**WHAT TO DO**
Give back, unchanged, the line containing "used 2020 Ford F-150 car, priced at $29,589" and every line after it up to the end of the listing.
[Opening ENTRIES SUPPLIED section]
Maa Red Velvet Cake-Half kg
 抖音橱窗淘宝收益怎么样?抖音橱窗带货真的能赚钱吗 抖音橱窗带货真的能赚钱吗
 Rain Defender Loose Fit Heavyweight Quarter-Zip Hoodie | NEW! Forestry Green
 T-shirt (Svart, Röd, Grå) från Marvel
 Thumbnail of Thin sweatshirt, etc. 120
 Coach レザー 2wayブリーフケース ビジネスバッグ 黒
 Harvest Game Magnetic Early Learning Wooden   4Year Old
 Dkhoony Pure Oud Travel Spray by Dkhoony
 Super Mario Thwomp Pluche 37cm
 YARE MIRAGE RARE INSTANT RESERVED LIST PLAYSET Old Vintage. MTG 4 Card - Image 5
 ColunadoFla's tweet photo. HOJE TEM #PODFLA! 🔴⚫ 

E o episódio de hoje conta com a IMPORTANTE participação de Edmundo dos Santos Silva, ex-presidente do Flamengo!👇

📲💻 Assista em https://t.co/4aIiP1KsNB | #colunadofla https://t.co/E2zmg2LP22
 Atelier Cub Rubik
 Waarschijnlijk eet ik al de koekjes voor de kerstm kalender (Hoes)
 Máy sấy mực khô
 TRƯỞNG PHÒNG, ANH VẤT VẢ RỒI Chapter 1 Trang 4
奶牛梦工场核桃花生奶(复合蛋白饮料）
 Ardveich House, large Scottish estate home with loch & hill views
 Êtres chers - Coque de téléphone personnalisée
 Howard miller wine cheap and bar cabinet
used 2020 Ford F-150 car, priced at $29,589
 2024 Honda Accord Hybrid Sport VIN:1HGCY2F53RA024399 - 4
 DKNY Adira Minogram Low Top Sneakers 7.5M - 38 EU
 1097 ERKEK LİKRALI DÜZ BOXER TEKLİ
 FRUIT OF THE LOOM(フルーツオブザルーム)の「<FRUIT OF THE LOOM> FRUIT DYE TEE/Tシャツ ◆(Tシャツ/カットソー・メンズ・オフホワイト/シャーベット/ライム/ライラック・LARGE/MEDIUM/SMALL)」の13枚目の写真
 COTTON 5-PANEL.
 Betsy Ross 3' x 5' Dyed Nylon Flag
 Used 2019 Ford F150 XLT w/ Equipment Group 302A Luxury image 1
[Closing ENTRIES SUPPLIED section]
**RESPONSE TO THIS TASK**
used 2020 Ford F-150 car, priced at $29,589
 2024 Honda Accord Hybrid Sport VIN:1HGCY2F53RA024399 - 4
 DKNY Adira Minogram Low Top Sneakers 7.5M - 38 EU
 1097 ERKEK LİKRALI DÜZ BOXER TEKLİ
 FRUIT OF THE LOOM(フルーツオブザルーム)の「<FRUIT OF THE LOOM> FRUIT DYE TEE/Tシャツ ◆(Tシャツ/カットソー・メンズ・オフホワイト/シャーベット/ライム/ライラック・LARGE/MEDIUM/SMALL)」の13枚目の写真
 COTTON 5-PANEL.
 Betsy Ross 3' x 5' Dyed Nylon Flag
 Used 2019 Ford F150 XLT w/ Equipment Group 302A Luxury image 1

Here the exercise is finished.